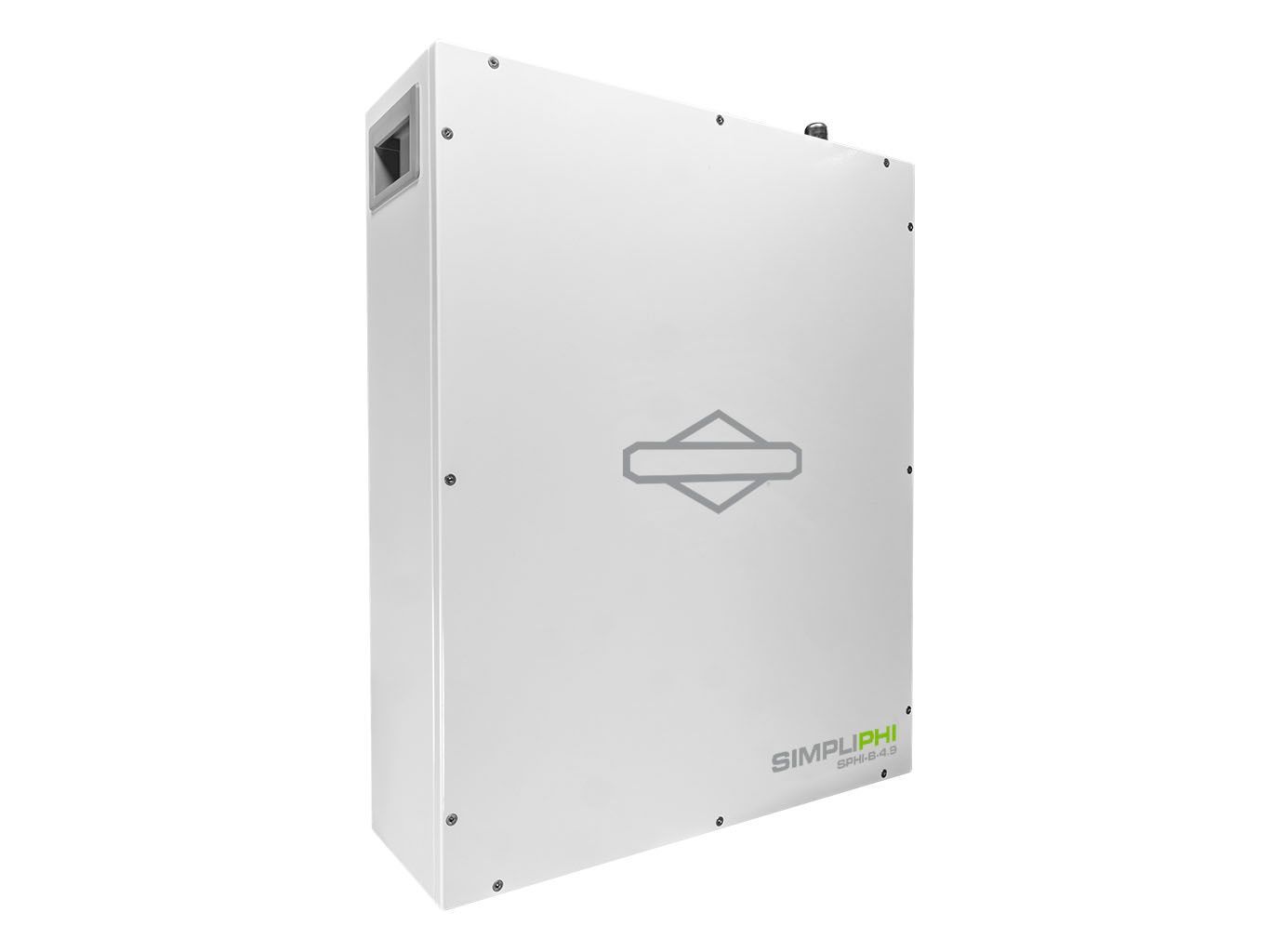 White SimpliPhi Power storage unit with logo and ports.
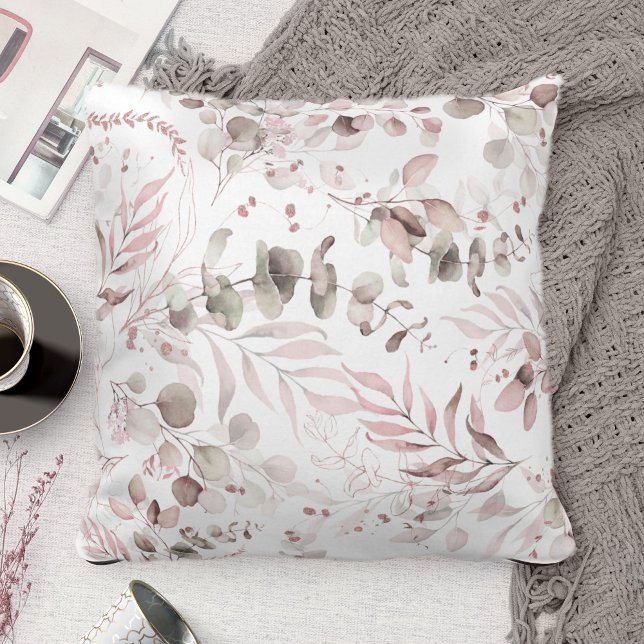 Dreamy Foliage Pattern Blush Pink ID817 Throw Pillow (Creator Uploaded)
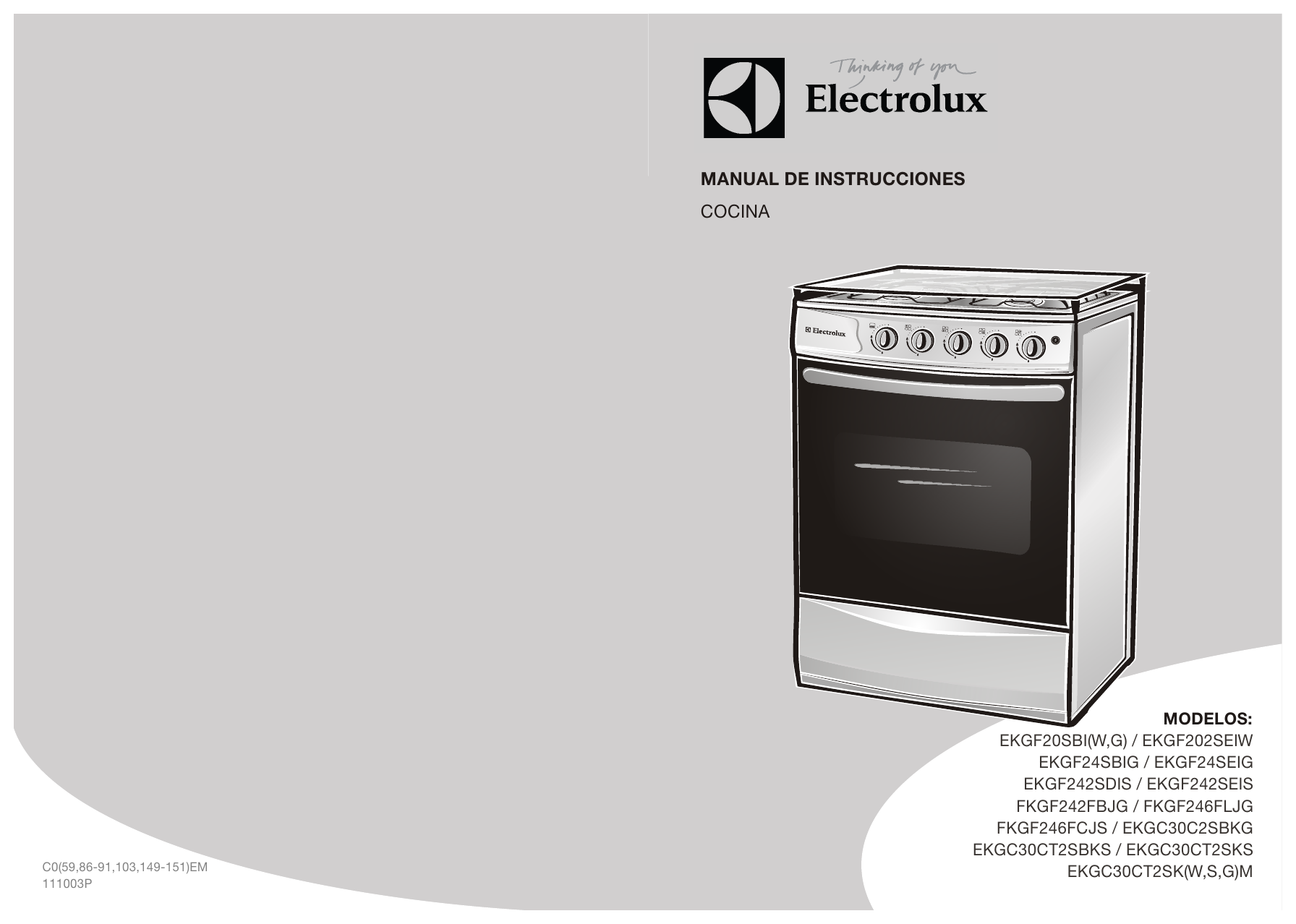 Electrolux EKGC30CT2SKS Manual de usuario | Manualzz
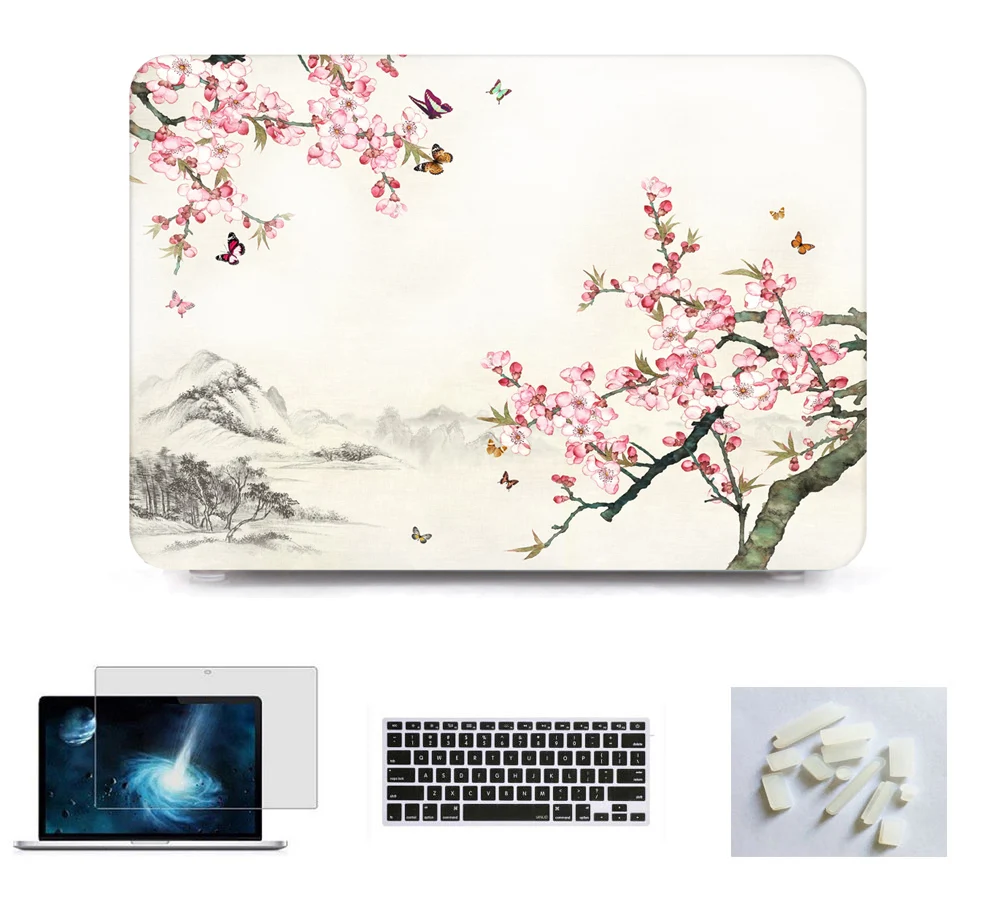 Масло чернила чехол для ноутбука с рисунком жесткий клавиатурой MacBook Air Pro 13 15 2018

WHAT THE TASK REQUIRES >>
The pictures in the listing above are to be dropped, and everything else reproduced exactly.

EXPECTED ANSWER >>
 White SimpliPhi Power storage unit with logo and ports.
 Dreamy Foliage Pattern Blush Pink ID817 Throw Pillow (Creator Uploaded)
 Electrolux EKGC30CT2SKS Manual de usuario | Manualzz
 Масло чернила чехол для ноутбука с рисунком жесткий клавиатурой MacBook Air Pro 13 15 2018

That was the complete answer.